Re: [File API: FileSystem] Path restrictions and case-sensitivity from Glenn Maynard on 2011-05-09 (public-webapps@w3.org from April to June 2011)

From: Glenn Maynard <glenn@zewt.org>
Date: Sun, 8 May 2011 20:32:11 -0400
To: timeless <timeless@gmail.com>
Cc: Eric U <ericu@google.com>, Web Applications Working Group WG <public-webapps@w3.org>, Charles Pritchard <chuck@jumis.com>, Kinuko Yasuda <kinuko@google.com>
Message-ID: <BANLkTi=tM6Bk2OTFisQuYgpdOxMVjL1pjQ@mail.gmail.com>

A detail which somehow hasn't been mentioned: Unicode case folding is
locale-indepedent, with Turkish-I as a special case (
http://unicode.org/Public/UNIDATA/CaseFolding.txt) which can ordinarily be
disabled.

Just the same, having an interop dependency on Unicode's definition of case
folding is uncomfortable.  The case folding table is over 1000 rows and will
doubtless grow as characters are added, so not every implementation will
match (and the table may even change over time as the browser is updated,
which could cause some strange situations).
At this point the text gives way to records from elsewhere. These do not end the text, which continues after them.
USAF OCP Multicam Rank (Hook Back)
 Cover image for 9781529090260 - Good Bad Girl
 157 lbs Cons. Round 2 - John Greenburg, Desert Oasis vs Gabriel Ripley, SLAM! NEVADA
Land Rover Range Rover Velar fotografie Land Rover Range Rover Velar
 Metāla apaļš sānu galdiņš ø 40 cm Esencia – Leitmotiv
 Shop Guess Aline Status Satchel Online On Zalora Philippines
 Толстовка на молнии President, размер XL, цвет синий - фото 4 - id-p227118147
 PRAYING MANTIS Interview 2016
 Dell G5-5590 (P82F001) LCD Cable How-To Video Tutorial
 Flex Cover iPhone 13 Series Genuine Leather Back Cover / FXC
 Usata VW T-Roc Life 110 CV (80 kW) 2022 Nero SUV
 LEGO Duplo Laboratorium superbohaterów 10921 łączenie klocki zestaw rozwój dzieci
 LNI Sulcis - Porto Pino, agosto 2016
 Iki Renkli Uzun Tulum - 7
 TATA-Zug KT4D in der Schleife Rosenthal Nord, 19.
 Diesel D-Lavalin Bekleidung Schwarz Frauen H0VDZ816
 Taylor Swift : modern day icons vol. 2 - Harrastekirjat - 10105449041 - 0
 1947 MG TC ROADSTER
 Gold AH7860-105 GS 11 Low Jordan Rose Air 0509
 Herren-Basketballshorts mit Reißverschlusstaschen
It would also require case folding to be exposed directly to scripts
(string.foldCaseFull() or string.foldCaseSimple()), so scripts are able to
compare filenames to see if they will refer to the same file.  That would
probably be nice to have anyway, but here it would be a new source of
obscure bugs, because many (probably "most") developers would use
string.toLowerCase() for this purpose, which would work often enough for
developers to not notice the problems.

Again, if the API is case-sensitive, applications can hide this fact from
users if wanted, without the API forcing it on them.  For example, when a
user enters a filename to save a file, the application can do its own
case-insensitive search for files with the same filename.  It can then
normalize the new filename to match the existing one, and presumably at that
point show its "overwrite file?" prompt.

> Were the IndexedDB spec in a more mature state, it would be much easier
> from a developer perspective, to write a FileSystem API layer on top of
it,
> and use all of its goodness including arbitrary file names. The layer is
reasonably
> small, very easy to write in JS.

You can't implement the FileWriter API this way, though, and that's a lot of
File-API use cases.

I wonder if Blob and IndexedDB implementations will mature enough to
efficiently handle downloading and saving large blocks of data.  For
example, a game installer should be able to download arbitrarily large game
data files.  In principle this can be done efficiently: just download the
file into a Blob and pass it to IndexedDB.  The browser should scratch large
Blobs to disk transparently.  However, making the second part efficient is
harder: saving the Blob to IndexedDB without a second on-disk copy (possibly
totalling several GB) being made, copying from the Blob scratch space to
IndexedDB.

Another issue that comes to mind: a game installation page (which handles
downloading and storing game data) would want to write data incrementally.
If it's downloading a 100 MB video file, and the download is interrupted, it
will want to resume where it left off.  With FileWriter and Filesystem API
that's straightforward, but with Blobs and IndexedDB it's much trickier.  I
suppose, in principle, you could store the file in 1MB slices to the
database as it's downloading, and combine them within the database when it
completes.  This seems hard or impossible for implementations to handle
efficiently, though.

It'll be great if IndexedDB/Blob implementations are pushed this far, but
I'm not holding my breath.

-- 
Glenn Maynard

Received on Monday, 9 May 2011 00:32:39 UTC